細野朝士の万華鏡よもやま話

ときどき書きます

万華鏡よもやま話 その18

f:id:ochiyama:20200604203534j:plain

今日は休廊日なので、展示会中に考えた事を書いてみます。


この業界には、いま幾つかの方向性があると思います。


一つは、万華鏡の地位向上を目指して、芸術として認められるべく、美術館などでの展開を探る動き。確かに大型で御婦人を虜にするような万華鏡もありますし、話題作りにもなりやすい方向性のような気もします。

難を言えば、現状でそれが生活に直結するような作家さんはごく一部で、その他の方は美術館に展示されたという実績作りに留まるのかな?と想像します。

長い目で見た時に、地位向上とともに、大きな流れが出来ればというところだと思います。


もう一つは、生活に直結する動き。

作家もショップも当然続けていかねばなりませんから、とても大切な視点でもあります。

イベントやネットショップなど何でも駆使して、とにかく万華鏡を宣伝して売る事。

売れれば、買って下さった方の周辺の方も万華鏡に触れる機会ができて、勝手に宣伝してくれる。

難を言えば、今売れればいいという発想、売りやすい物を扱うという方向になりがちです。そうなると万華鏡そのものよりも、宣伝しやすい物、キャッチャーな物を扱うようになり、そのような万華鏡が広く宣伝され、万華鏡のイメージを作り上げていきます。


私個人は、この二つの流れをどこか冷めた目で見ていて、普通に作家は日々精進し、普通に評価されるべき万華鏡が評価されればいいだけではないかな?と考えています。

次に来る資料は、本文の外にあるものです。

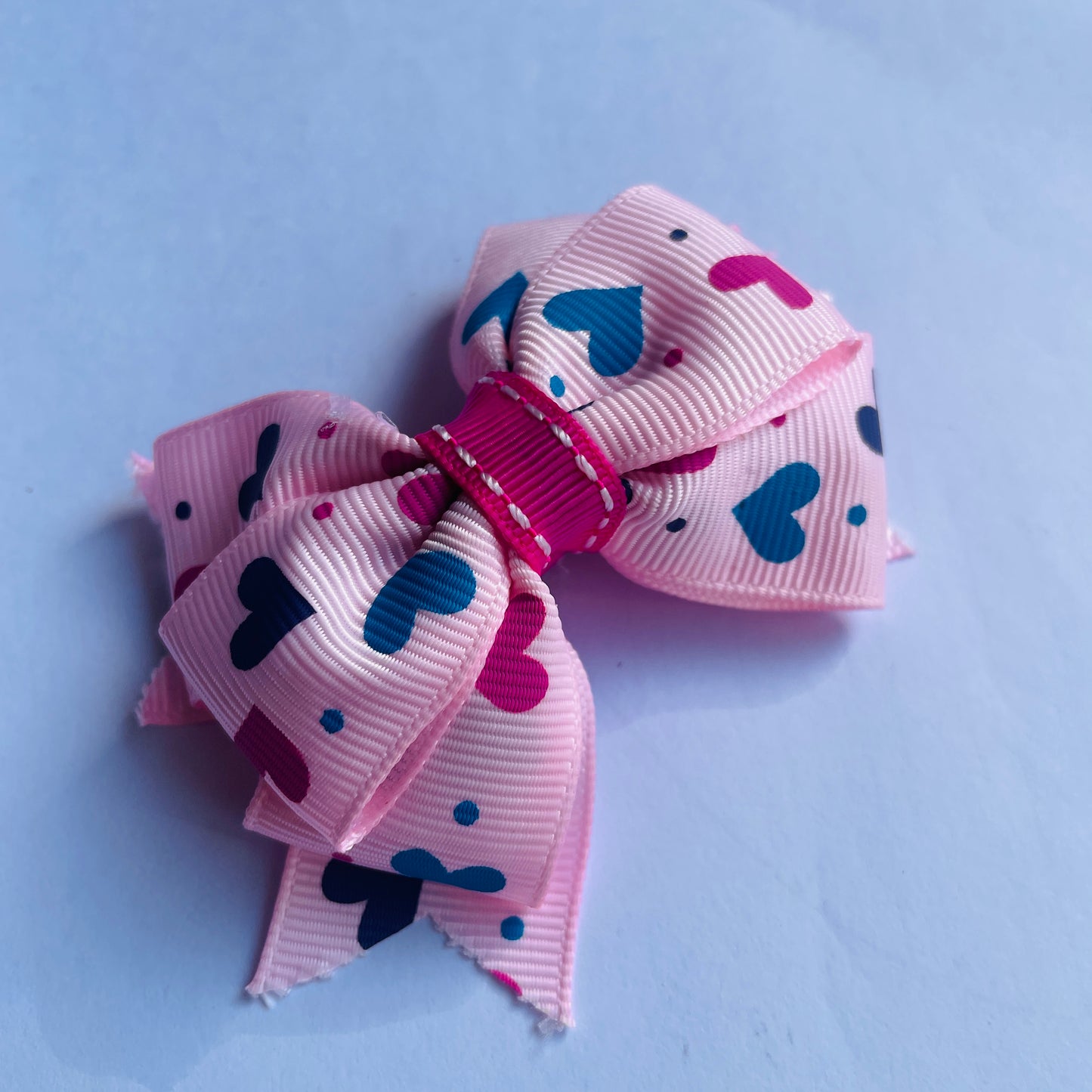 2 pcs Handmade Pink Ribbon Hair Clip for Toddlers – Grosgrain ribbon Bow with Alligator Clip | Baby Girl Hair Accessory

作家それぞれが、必要な活動を見極めて、時には作家同士連携して、作家だけでもイベントが成り立つくらいの力をつけ、自分のスタンスを確立した上で、専門店と関わる。

専門店では、評価されるべき万華鏡が並び、さらなる向上のため、万華鏡愛に溢れた店長さんが厳しくも適切なアドバイスをしてくれる。

同じく万華鏡愛に溢れたお客様が集う。


それが業界が永く続いていくための定石ではないかと考えています。